• [Task directions]
Where does the string "Chapter" appear in the records? Copy each line that holds it.

*** Input for this task ***

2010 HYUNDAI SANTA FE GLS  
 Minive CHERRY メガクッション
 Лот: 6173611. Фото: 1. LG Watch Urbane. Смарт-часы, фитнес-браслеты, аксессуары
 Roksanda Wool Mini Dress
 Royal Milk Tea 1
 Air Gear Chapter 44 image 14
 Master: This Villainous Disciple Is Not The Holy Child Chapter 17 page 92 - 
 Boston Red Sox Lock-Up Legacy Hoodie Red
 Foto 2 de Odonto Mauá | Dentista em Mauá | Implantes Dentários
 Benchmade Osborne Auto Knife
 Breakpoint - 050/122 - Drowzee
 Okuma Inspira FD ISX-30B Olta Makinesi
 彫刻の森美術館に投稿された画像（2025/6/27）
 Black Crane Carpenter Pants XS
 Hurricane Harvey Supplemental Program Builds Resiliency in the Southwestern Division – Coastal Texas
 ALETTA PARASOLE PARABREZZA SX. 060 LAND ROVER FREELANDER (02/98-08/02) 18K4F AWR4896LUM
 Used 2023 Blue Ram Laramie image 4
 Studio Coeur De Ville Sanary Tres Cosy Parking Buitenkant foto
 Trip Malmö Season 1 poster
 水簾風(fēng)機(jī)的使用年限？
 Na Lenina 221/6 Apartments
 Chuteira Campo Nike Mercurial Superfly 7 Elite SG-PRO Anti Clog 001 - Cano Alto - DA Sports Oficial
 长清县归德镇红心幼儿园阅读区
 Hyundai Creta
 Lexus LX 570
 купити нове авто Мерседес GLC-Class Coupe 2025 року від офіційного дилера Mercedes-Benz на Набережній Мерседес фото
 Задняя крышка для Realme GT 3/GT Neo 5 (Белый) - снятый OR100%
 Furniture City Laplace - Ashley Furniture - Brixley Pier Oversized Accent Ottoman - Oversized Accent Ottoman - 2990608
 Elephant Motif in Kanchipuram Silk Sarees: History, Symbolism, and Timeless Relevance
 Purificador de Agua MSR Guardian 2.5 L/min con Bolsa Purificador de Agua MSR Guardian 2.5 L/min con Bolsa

***

• [Response for this exercise]
 Air Gear Chapter 44 image 14
 Master: This Villainous Disciple Is Not The Holy Child Chapter 17 page 92 - 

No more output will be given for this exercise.